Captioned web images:
[Start of Attachment]
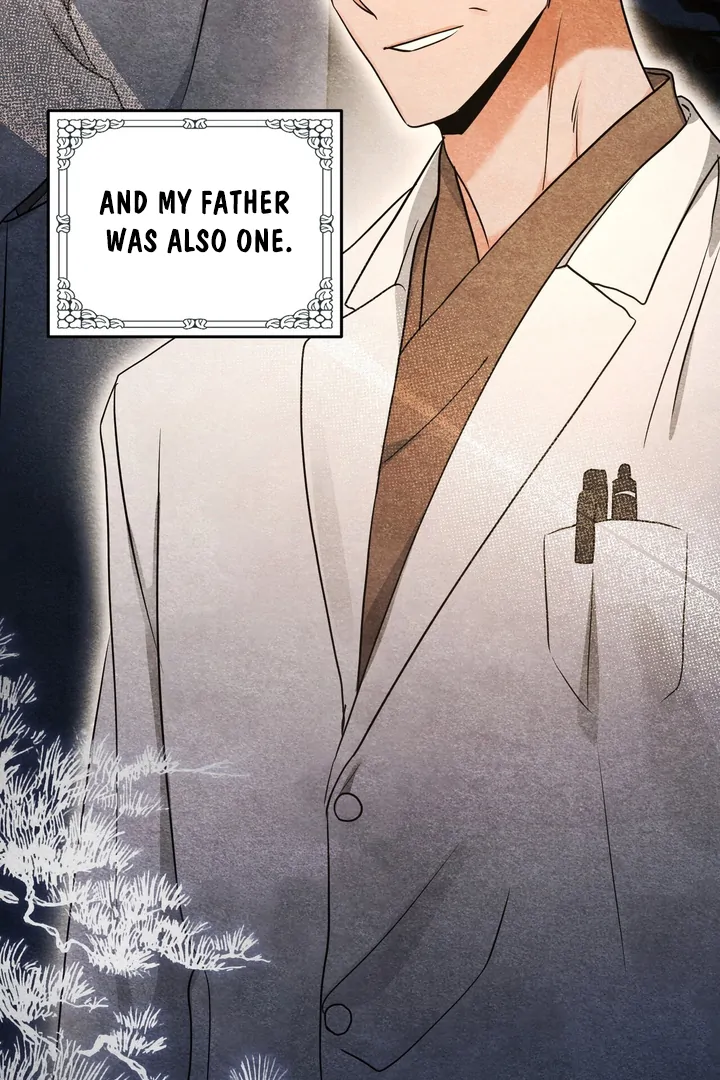 My Alpha Era Began After Eating Gongjin-dan ( paradise scans ) - Chapter 1 manhwa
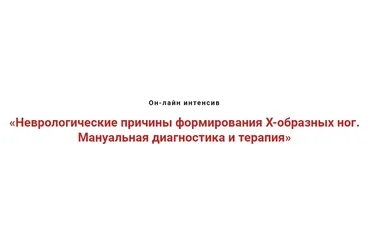 Неврологические причины формирования x-образных ног. Мануальная диагностика (Игорь Атрощенко)
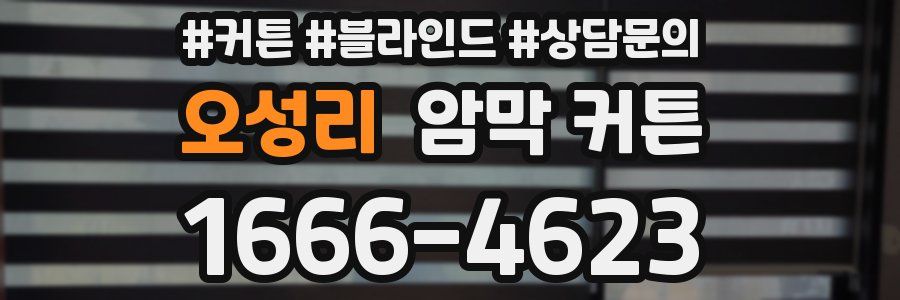 오성리 암막 커튼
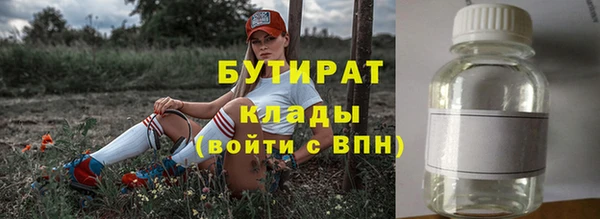 спиды Березники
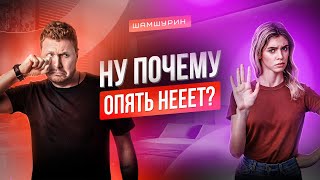 Почему неприятно получать отказы от девушек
[End of Attachment]
Give back every entry word for word, and drop the pictures as you go.

 My Alpha Era Began After Eating Gongjin-dan ( paradise scans ) - Chapter 1 manhwa
 Неврологические причины формирования x-образных ног. Мануальная диагностика (Игорь Атрощенко)
 오성리 암막 커튼
 спиды Березники
 Почему неприятно получать отказы от девушек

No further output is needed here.